JF Ptak Science Books Post 2461
At first glance this detailed and dense map looks foreboding and somehow off-putting--at least for me, and that was before I understood what the numbers represented.
The blue numbers on this section of a larger map refer to soldiers killed on the battlefield of the 1916 Somme battlefield. It is the work of Lieutenant Colonel Arthur Messer (Assistant Director of Graves Registration and Enquiries in France), who undertook to record the crosses of the Fallen on the battlefield and register their location, and then to re-inter the bodies together in larger cemeteries.
[Source: John Hughes-Wilson, The First World War in 100 Objects, Firefly Books, 2014.]
What we are seeing here are pieces of four 6x6 grids (one complete and three partial) numbered (in red) 1-36, each one of these squares further subdivided into four section. Each larger square composed of 36 squares is 1000x1000 yards total, meaning that each one of the 36 subdivisions is about 166x166 yards, and each of the four segments of one smaller square is 83 yards.
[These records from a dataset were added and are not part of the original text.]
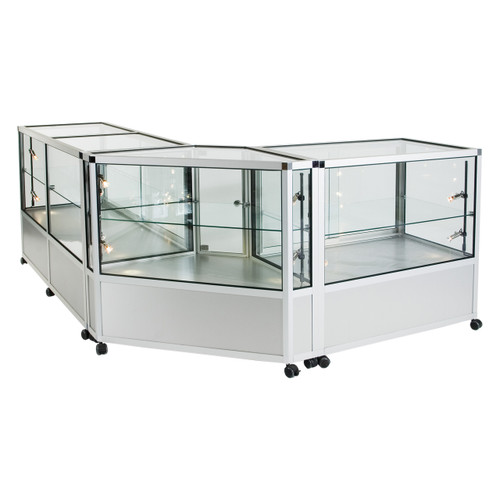 Glass Display Counter With or Without Mini Spotlights with 1 Glass Shelves - Contour Range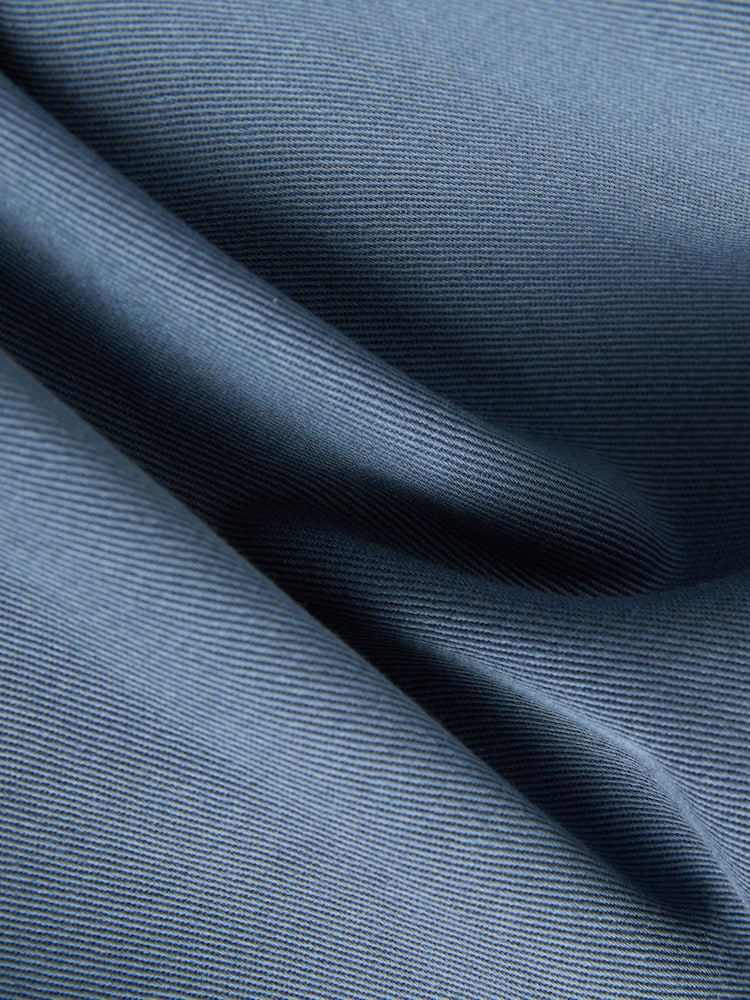 Blue 100% Cotton Contrast Stitch Shacket Jacket - Image 8 of 8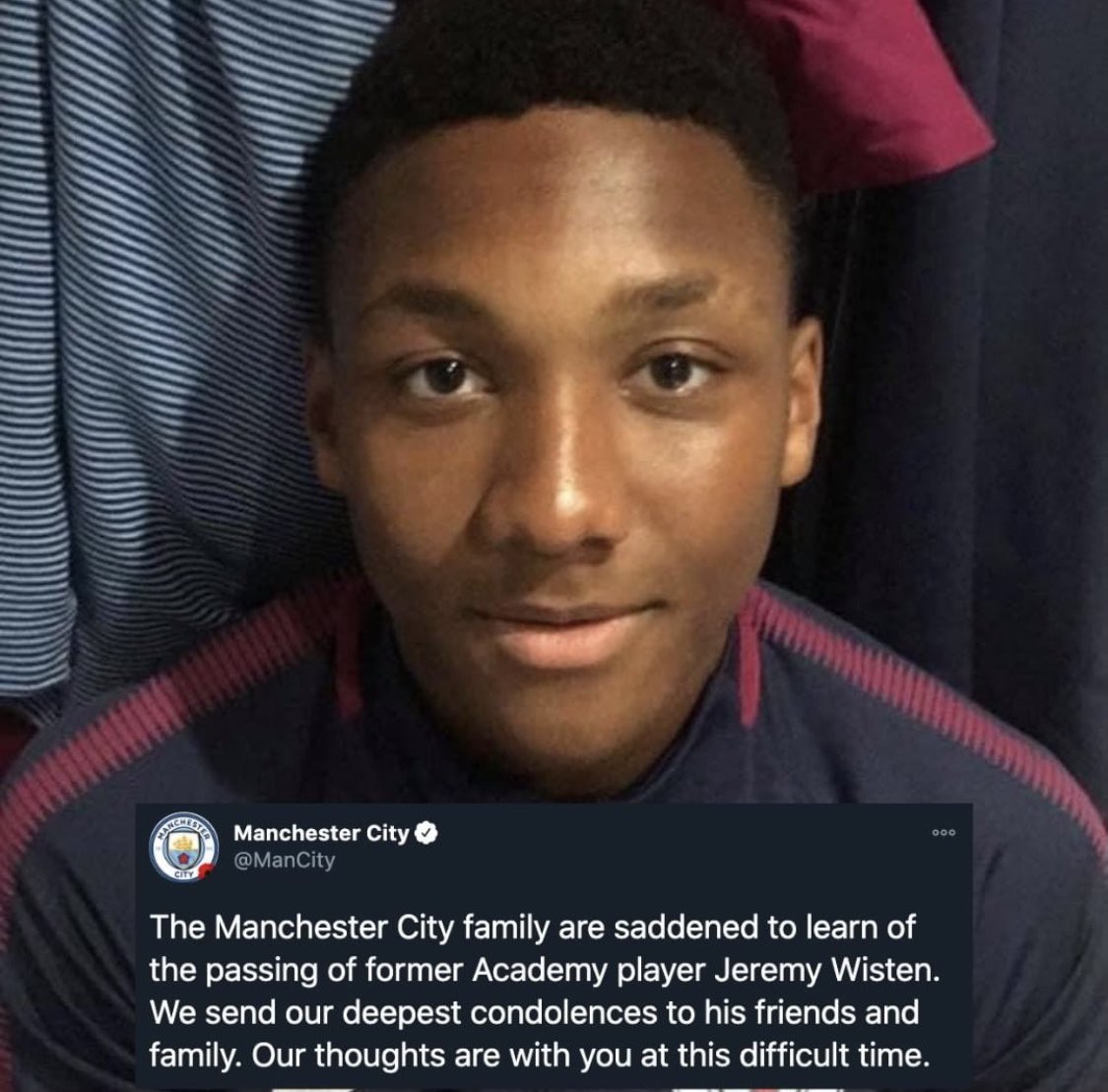 sportbible's tweet photo. Our thoughts are with the family and friends of former Manchester City academy player Jeremy Wisten, who has sadly passed away. Rest in peace. 💙 https://t.co/qL3BDWCGJp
The blue numbers indicate a soldier killed on that field of battle which means that in the large 36-square "M" subdivision #18 that there were 210+29+372+17 fatalities, or 628 on a 166x166 yard field, or in one case 372 killed on a 83x83 yard plain. The deaths were even more intense on other areas of the field--in Square S #11 there were 749+207+234+126, or 1,416 deaths in that 166x166 yard field, and 749 on the 83x83 yard field. It is hard to visualize such loss. I picture a U.S. football field--there are 22 players on the field during play, and that seems to populate the area pretty well--casualties of 749 soldiers on a similar area would be nearly 35 times that, meaning that placed equidistantly and with a few feet on the sides they would cover the field. There are, what, 75 people on a football team? That means at the beginning of the game when all of the players and coaches and staff and cheerleaders and member of the band run out onto the field to take their places, they would all be dead--and then some. That is a lot of death.
According to the Imperial War Museum, temporary markers for fallen soldiers looked like this:
After the war the Imperial War Graves Commission replaced the wooden crosses with stone markers.
The wooden markers would then returned to the family.